[DATA FOR PROCESSING — start]

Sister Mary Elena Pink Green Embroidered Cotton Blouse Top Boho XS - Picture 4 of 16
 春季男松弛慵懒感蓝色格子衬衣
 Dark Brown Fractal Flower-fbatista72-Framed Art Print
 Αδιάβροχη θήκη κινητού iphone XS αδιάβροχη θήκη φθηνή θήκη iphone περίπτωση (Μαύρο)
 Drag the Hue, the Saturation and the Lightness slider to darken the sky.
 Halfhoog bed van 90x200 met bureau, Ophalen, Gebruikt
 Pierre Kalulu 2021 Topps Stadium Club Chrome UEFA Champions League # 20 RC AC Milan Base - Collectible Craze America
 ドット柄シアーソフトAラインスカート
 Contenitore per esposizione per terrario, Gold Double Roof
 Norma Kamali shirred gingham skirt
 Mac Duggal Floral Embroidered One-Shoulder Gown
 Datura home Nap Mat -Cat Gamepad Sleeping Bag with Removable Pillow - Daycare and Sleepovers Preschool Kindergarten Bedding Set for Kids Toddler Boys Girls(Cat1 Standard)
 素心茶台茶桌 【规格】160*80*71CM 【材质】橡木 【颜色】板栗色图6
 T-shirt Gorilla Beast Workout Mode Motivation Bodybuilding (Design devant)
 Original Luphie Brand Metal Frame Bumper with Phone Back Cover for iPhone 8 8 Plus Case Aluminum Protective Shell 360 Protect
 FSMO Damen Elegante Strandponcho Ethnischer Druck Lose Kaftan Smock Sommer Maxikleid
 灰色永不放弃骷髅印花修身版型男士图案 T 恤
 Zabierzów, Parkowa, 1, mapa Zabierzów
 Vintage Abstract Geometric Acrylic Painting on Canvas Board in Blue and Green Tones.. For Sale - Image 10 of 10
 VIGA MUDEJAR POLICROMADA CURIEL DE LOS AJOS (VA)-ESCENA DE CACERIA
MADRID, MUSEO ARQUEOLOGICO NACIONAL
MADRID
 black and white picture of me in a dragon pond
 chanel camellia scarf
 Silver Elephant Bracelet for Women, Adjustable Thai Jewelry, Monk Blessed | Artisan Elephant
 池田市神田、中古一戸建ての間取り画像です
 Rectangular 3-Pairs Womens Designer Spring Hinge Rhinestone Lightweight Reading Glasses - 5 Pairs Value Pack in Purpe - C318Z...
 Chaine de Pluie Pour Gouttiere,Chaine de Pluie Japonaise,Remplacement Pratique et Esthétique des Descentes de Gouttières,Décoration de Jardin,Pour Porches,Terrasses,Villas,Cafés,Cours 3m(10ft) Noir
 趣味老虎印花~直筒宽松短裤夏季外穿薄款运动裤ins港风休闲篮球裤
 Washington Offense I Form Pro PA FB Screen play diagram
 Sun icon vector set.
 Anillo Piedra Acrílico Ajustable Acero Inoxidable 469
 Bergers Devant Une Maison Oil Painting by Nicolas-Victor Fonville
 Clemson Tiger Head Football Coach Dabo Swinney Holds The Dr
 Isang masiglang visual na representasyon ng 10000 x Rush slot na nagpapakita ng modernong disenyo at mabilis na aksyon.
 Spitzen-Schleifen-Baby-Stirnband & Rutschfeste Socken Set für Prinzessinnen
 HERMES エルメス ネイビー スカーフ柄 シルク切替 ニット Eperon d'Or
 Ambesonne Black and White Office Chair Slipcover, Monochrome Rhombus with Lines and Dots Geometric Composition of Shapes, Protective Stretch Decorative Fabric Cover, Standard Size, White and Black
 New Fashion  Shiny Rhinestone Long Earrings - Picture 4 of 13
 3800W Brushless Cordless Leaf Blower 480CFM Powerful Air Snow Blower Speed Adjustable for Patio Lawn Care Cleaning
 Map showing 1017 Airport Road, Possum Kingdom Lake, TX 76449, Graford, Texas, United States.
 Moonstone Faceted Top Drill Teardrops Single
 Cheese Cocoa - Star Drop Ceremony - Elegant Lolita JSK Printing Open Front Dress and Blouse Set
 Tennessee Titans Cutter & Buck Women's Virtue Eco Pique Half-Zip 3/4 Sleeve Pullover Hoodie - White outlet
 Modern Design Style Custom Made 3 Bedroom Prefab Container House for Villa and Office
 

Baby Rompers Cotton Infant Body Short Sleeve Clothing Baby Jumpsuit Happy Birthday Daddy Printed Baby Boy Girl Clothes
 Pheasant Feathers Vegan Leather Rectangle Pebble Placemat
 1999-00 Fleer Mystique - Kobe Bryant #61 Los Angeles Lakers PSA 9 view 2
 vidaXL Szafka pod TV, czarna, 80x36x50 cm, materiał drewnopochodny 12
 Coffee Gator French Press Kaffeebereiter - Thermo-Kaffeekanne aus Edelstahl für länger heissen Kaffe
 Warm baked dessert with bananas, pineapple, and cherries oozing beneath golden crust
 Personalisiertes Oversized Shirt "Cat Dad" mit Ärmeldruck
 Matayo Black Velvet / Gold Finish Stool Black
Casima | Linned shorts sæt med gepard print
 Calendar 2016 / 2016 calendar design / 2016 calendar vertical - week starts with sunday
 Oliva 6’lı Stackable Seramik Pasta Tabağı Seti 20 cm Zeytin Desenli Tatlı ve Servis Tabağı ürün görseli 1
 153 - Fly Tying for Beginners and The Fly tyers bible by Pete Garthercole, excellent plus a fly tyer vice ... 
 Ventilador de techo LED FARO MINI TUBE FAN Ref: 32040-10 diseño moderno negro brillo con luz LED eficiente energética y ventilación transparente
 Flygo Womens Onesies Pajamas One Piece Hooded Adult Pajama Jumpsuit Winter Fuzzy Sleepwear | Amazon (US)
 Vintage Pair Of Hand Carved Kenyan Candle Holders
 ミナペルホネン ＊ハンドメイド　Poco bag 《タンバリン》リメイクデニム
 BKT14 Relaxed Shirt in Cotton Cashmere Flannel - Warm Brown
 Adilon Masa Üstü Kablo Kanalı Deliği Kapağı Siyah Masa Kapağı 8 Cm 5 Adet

[DATA FOR PROCESSING — finish]

YOUR OBJECTIVE: Set down each record verbatim.

RESPONSE AREA:
Sister Mary Elena Pink Green Embroidered Cotton Blouse Top Boho XS - Picture 4 of 16
 春季男松弛慵懒感蓝色格子衬衣
 Dark Brown Fractal Flower-fbatista72-Framed Art Print
 Αδιάβροχη θήκη κινητού iphone XS αδιάβροχη θήκη φθηνή θήκη iphone περίπτωση (Μαύρο)
 Drag the Hue, the Saturation and the Lightness slider to darken the sky.
 Halfhoog bed van 90x200 met bureau, Ophalen, Gebruikt
 Pierre Kalulu 2021 Topps Stadium Club Chrome UEFA Champions League # 20 RC AC Milan Base - Collectible Craze America
 ドット柄シアーソフトAラインスカート
 Contenitore per esposizione per terrario, Gold Double Roof
 Norma Kamali shirred gingham skirt
 Mac Duggal Floral Embroidered One-Shoulder Gown
 Datura home Nap Mat -Cat Gamepad Sleeping Bag with Removable Pillow - Daycare and Sleepovers Preschool Kindergarten Bedding Set for Kids Toddler Boys Girls(Cat1 Standard)
 素心茶台茶桌 【规格】160*80*71CM 【材质】橡木 【颜色】板栗色图6
 T-shirt Gorilla Beast Workout Mode Motivation Bodybuilding (Design devant)
 Original Luphie Brand Metal Frame Bumper with Phone Back Cover for iPhone 8 8 Plus Case Aluminum Protective Shell 360 Protect
 FSMO Damen Elegante Strandponcho Ethnischer Druck Lose Kaftan Smock Sommer Maxikleid
 灰色永不放弃骷髅印花修身版型男士图案 T 恤
 Zabierzów, Parkowa, 1, mapa Zabierzów
 Vintage Abstract Geometric Acrylic Painting on Canvas Board in Blue and Green Tones.. For Sale - Image 10 of 10
 VIGA MUDEJAR POLICROMADA CURIEL DE LOS AJOS (VA)-ESCENA DE CACERIA
MADRID, MUSEO ARQUEOLOGICO NACIONAL
MADRID
 black and white picture of me in a dragon pond
 chanel camellia scarf
 Silver Elephant Bracelet for Women, Adjustable Thai Jewelry, Monk Blessed | Artisan Elephant
 池田市神田、中古一戸建ての間取り画像です
 Rectangular 3-Pairs Womens Designer Spring Hinge Rhinestone Lightweight Reading Glasses - 5 Pairs Value Pack in Purpe - C318Z...
 Chaine de Pluie Pour Gouttiere,Chaine de Pluie Japonaise,Remplacement Pratique et Esthétique des Descentes de Gouttières,Décoration de Jardin,Pour Porches,Terrasses,Villas,Cafés,Cours 3m(10ft) Noir
 趣味老虎印花~直筒宽松短裤夏季外穿薄款运动裤ins港风休闲篮球裤
 Washington Offense I Form Pro PA FB Screen play diagram
 Sun icon vector set.
 Anillo Piedra Acrílico Ajustable Acero Inoxidable 469
 Bergers Devant Une Maison Oil Painting by Nicolas-Victor Fonville
 Clemson Tiger Head Football Coach Dabo Swinney Holds The Dr
 Isang masiglang visual na representasyon ng 10000 x Rush slot na nagpapakita ng modernong disenyo at mabilis na aksyon.
 Spitzen-Schleifen-Baby-Stirnband & Rutschfeste Socken Set für Prinzessinnen
 HERMES エルメス ネイビー スカーフ柄 シルク切替 ニット Eperon d'Or
 Ambesonne Black and White Office Chair Slipcover, Monochrome Rhombus with Lines and Dots Geometric Composition of Shapes, Protective Stretch Decorative Fabric Cover, Standard Size, White and Black
 New Fashion  Shiny Rhinestone Long Earrings - Picture 4 of 13
 3800W Brushless Cordless Leaf Blower 480CFM Powerful Air Snow Blower Speed Adjustable for Patio Lawn Care Cleaning
 Map showing 1017 Airport Road, Possum Kingdom Lake, TX 76449, Graford, Texas, United States.
 Moonstone Faceted Top Drill Teardrops Single
 Cheese Cocoa - Star Drop Ceremony - Elegant Lolita JSK Printing Open Front Dress and Blouse Set
 Tennessee Titans Cutter & Buck Women's Virtue Eco Pique Half-Zip 3/4 Sleeve Pullover Hoodie - White outlet
 Modern Design Style Custom Made 3 Bedroom Prefab Container House for Villa and Office
 

Baby Rompers Cotton Infant Body Short Sleeve Clothing Baby Jumpsuit Happy Birthday Daddy Printed Baby Boy Girl Clothes
 Pheasant Feathers Vegan Leather Rectangle Pebble Placemat
 1999-00 Fleer Mystique - Kobe Bryant #61 Los Angeles Lakers PSA 9 view 2
 vidaXL Szafka pod TV, czarna, 80x36x50 cm, materiał drewnopochodny 12
 Coffee Gator French Press Kaffeebereiter - Thermo-Kaffeekanne aus Edelstahl für länger heissen Kaffe
 Warm baked dessert with bananas, pineapple, and cherries oozing beneath golden crust
 Personalisiertes Oversized Shirt "Cat Dad" mit Ärmeldruck
 Matayo Black Velvet / Gold Finish Stool Black
Casima | Linned shorts sæt med gepard print
 Calendar 2016 / 2016 calendar design / 2016 calendar vertical - week starts with sunday
 Oliva 6’lı Stackable Seramik Pasta Tabağı Seti 20 cm Zeytin Desenli Tatlı ve Servis Tabağı ürün görseli 1
 153 - Fly Tying for Beginners and The Fly tyers bible by Pete Garthercole, excellent plus a fly tyer vice ... 
 Ventilador de techo LED FARO MINI TUBE FAN Ref: 32040-10 diseño moderno negro brillo con luz LED eficiente energética y ventilación transparente
 Flygo Womens Onesies Pajamas One Piece Hooded Adult Pajama Jumpsuit Winter Fuzzy Sleepwear | Amazon (US)
 Vintage Pair Of Hand Carved Kenyan Candle Holders
 ミナペルホネン ＊ハンドメイド　Poco bag 《タンバリン》リメイクデニム
 BKT14 Relaxed Shirt in Cotton Cashmere Flannel - Warm Brown
 Adilon Masa Üstü Kablo Kanalı Deliği Kapağı Siyah Masa Kapağı 8 Cm 5 Adet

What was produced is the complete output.